Last updated: 30 Jul 2019

content-publisher: 13. Permitted Deletion

Date: 2019-07-24


ADR 8: Restricted deletion explained the decision that foreign key associations in the Content Publisher database will all use the restrict constraint. At that point in time it was identified that we do not have any use cases for deleting data from the Content Publisher database.

Since then we have developed the access limit feature. This feature prevents users who are not part of a particular organisation from viewing content. A vulnerability in the access limit feature is that production data is synchronised to an integration environment where the access controls aren't as stringent, thus potentially allowing unauthorised users access to sensitive content. To resolve this issue GOV.UK applications have taken the approach of either removing or redacting data during the data sync process.

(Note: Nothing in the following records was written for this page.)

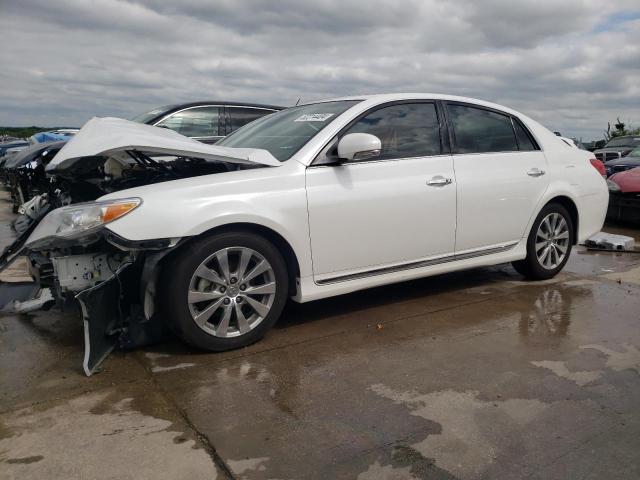 4T1BK3DB3CU459239 - 2012 TOYOTA AVALON BASE 白色 照片 1
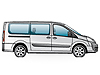 Peugeot Expert Tepee LWB (2007 onwards) 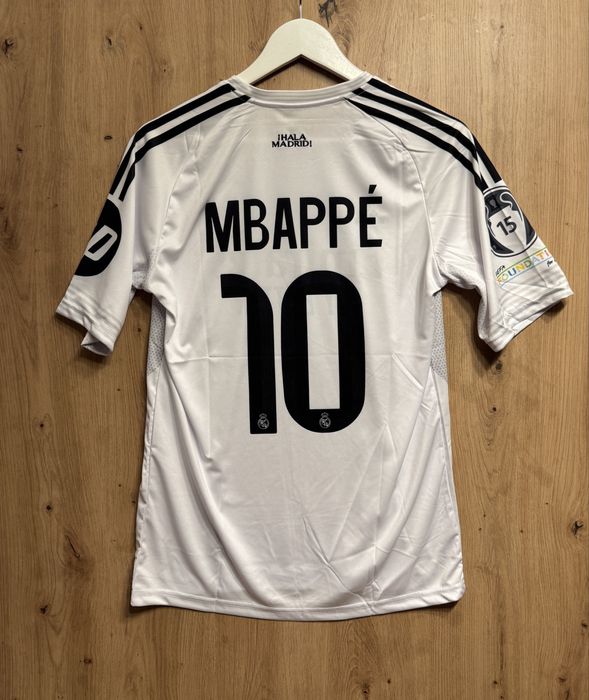 Tricou fotbal Real Madrid - Mbappe
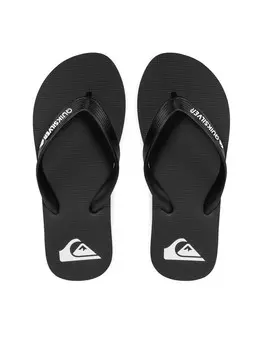 Шлепки Quiksilver, черный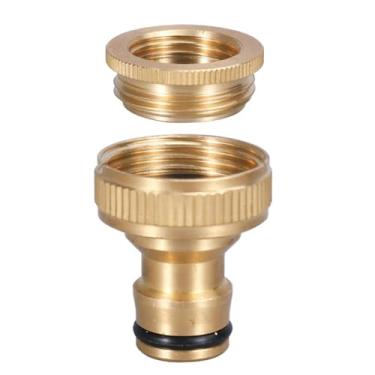 Imagem de Ｂｅｓｇａ Mangueira de jardim Conector Quick Fitting Peças Conexão do conector para o bico de equipamento de rega do gramado Burgurador de bico de, Diâmetro Interno 2cm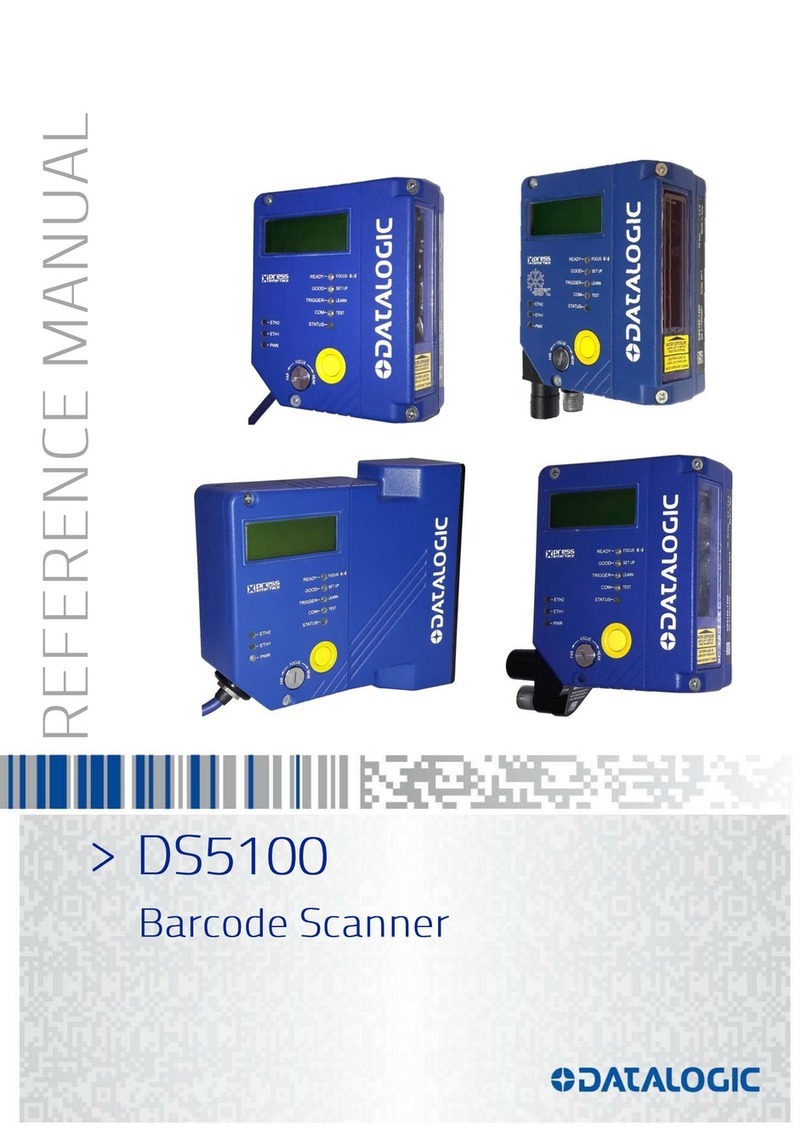 Datalogic DS5100 Reference manual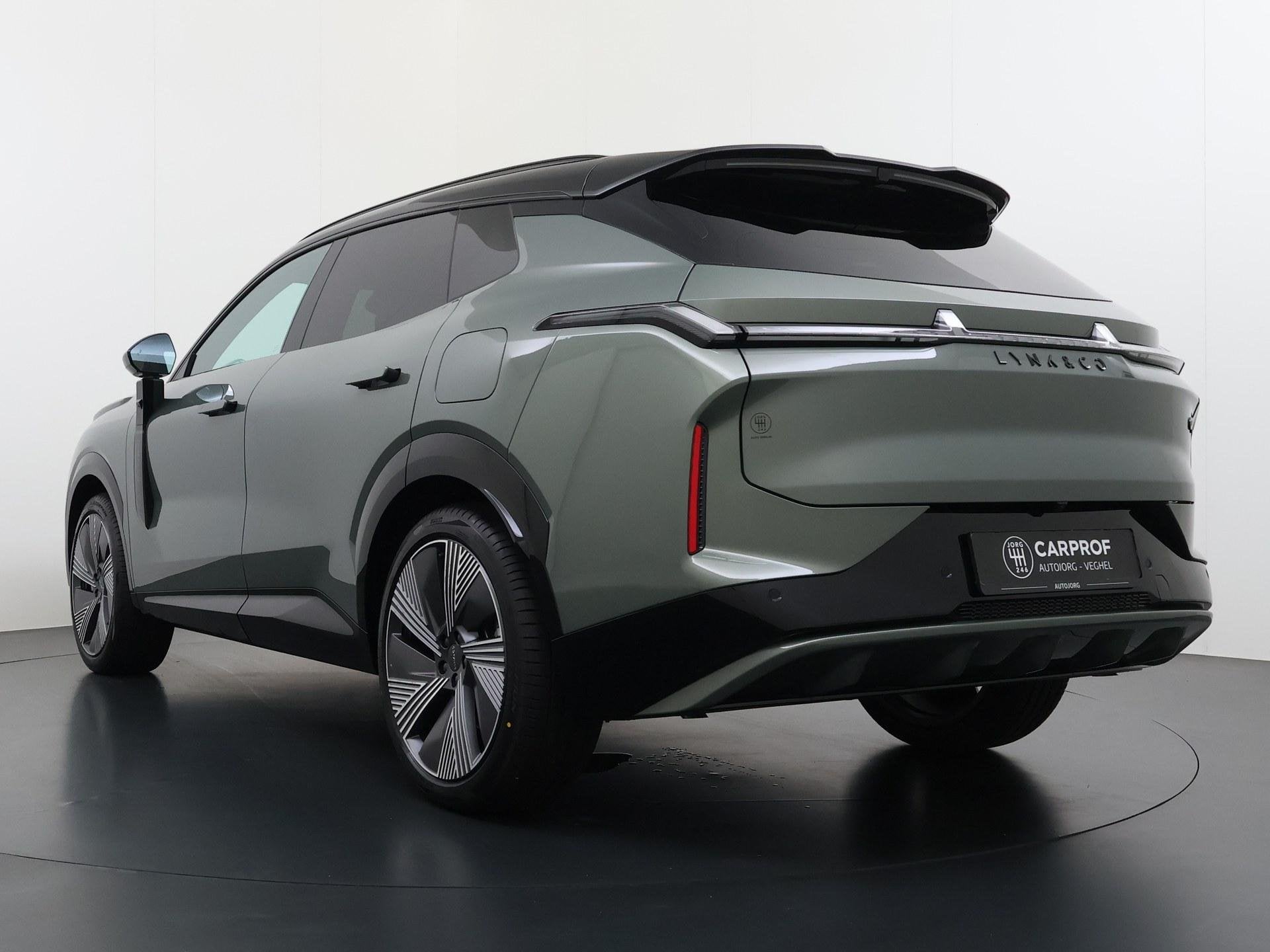 Lynk & Co 08 1.5 More PHEV | Pano Dak | 200 km elektrisch !, Auto's, Lynk & Co, Gebruikt, Plug-in hybride, Bedrijf, 270 min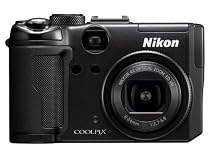 Nikon Coolpix P6000 13.5MP Digital Camera with 4x Wide Angle Optical Vibration Reduction (VR) Zoom
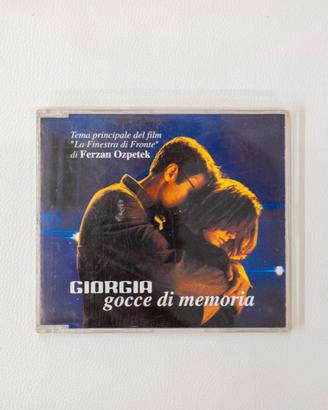 Giorgia - Gocce di memoria CD Singolo 2003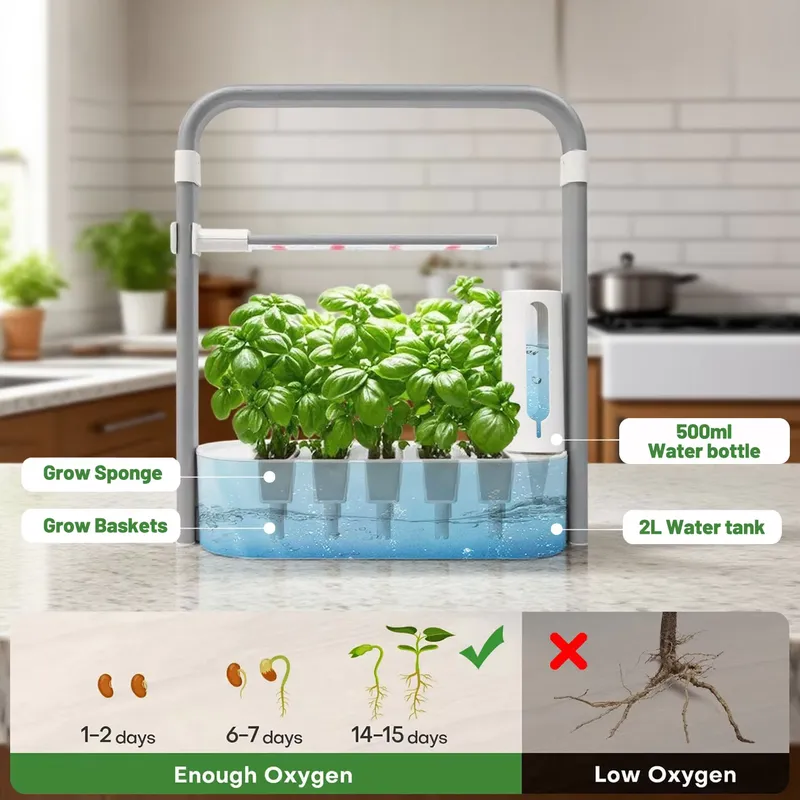 Slimme keuken-tuin-vloer-desk- - Smart Garden Vertical Planter recensie en prijs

For Content Publisher to be consistent with other GOV.UK applications we had to choose between redacting or removing data associated with an access limited edition.


We decided that data would be removed from Content Publisher during the production to integration sync. This is significantly simpler than redacting the data and less likely to require adaptation for the needs of particular formats.

The approach taken to achieve this is to delete all data related to an access limited edition that isn't shared with another edition. To allow this we decided to replace restrict constraints in the editions table with cascade behaviour that automatically deletes associated records. A similar approach was applied to revisions to allow them, and associated data, to be deleted when they are no longer associated with an edition.




We no longer have a hard and fast rule that foreign key constraints should always restrict deletion. Developers manipulating the structure of the database now have to consider whether a change impacts data that can be access limited. If this is the case, there must not be constraints that prevent deletion as part of the data sync.